Ninguém sabe com certeza se foi Charles ou William Lynch quem oficializou, ainda no século 18, o assassinato de uma pessoa, cometido por uma multidão, sem prévio julgamento ou prova de culpa. O certo é que a prática do linchamento tornou-se corriqueira e ganhou, mesmo, entre nós, uma subcategoria, a do linchamento moral. No Brasil, em especial, parece que linchar é um esporte tão fácil de praticar quanto jogar peteca ou chutar bola. Com o auxílio tecnológico das redes sociais, então, ficou ainda mais fácil participar de qualquer campanha linchatória sem sequer sujar as mãos. E é tudo muito rápido, veloz, um zás-trás: anteontem era o Rafinha Bastos, ontem foi o Orlando Silva e amanhã... talvez o ministro da Educação, por conta das sucessivas besteiras em torno das provas do Enem. É bom preparar as pedras - virtuais ou não.
O esforço gasto no linchamento alheio talvez seja o motivo de as pessoas não prestarem atenção nos detalhes sórdidos das histórias. Vamos pegar o caso do Orlando Silva como exemplo. Não acredito que o ex-ministro dos Esportes seja o anjo de candura e inocência que ele, seus correligionários e uma ala mais à esquerda da política querem mostrar. Também não acredito que ele devesse ser crucificado tão logo apareceu a primeira denúncia, como queriam os centro-direitistas espalhados pela política e pela imprensa. Há que se apurar antes de se dar qualquer sentença - pelo menos é isso o que eu espero que façam comigo, no hipotético caso de ser acusado de alguma coisa.

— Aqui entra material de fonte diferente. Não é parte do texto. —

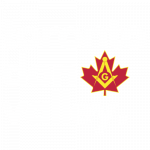 TDV_Logo-White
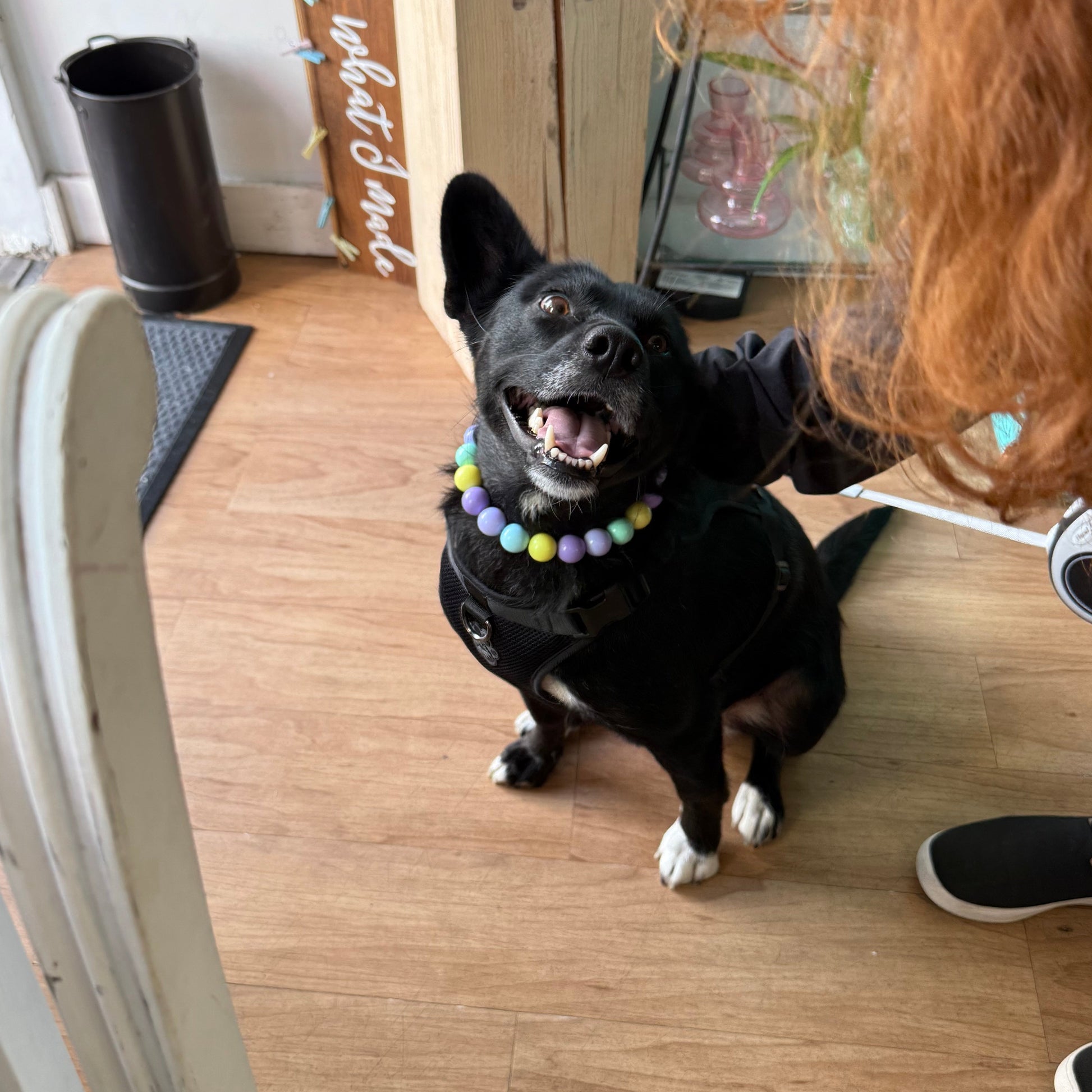 Black dog on a wooden floor with Julia beaded pet Collar crafted on aircraft grade stainless steel wire featuring pastel purple, yellow, blue and green acrylic solid beads.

Não basta ser inocente, é preciso parecer inocente aos olhos da opinião pública. Mas vivemos numa situação em que, por princípio, todos parecem culpados de alguma coisa. Com isso, o bate-boca entre situação e oposição, normalmente já subnivelado, atinge o inimaginável. Deveria ser prática corrente o sujeito colocado sob suspeita pedir o chapéu e - temporariamente - sair do cargo que ocupa. Daria à investigação, ao menos, a aparência de que algo seria feito. Constatada a inocência, o sujeito voltaria pra sua salinha, sua secretária, seus despachos. Assim como outros ministros apanhados em algum tropeço, Orlando Silva não fez isso e, claro, submeteu o governo inteiro a uma frigideira quentíssima.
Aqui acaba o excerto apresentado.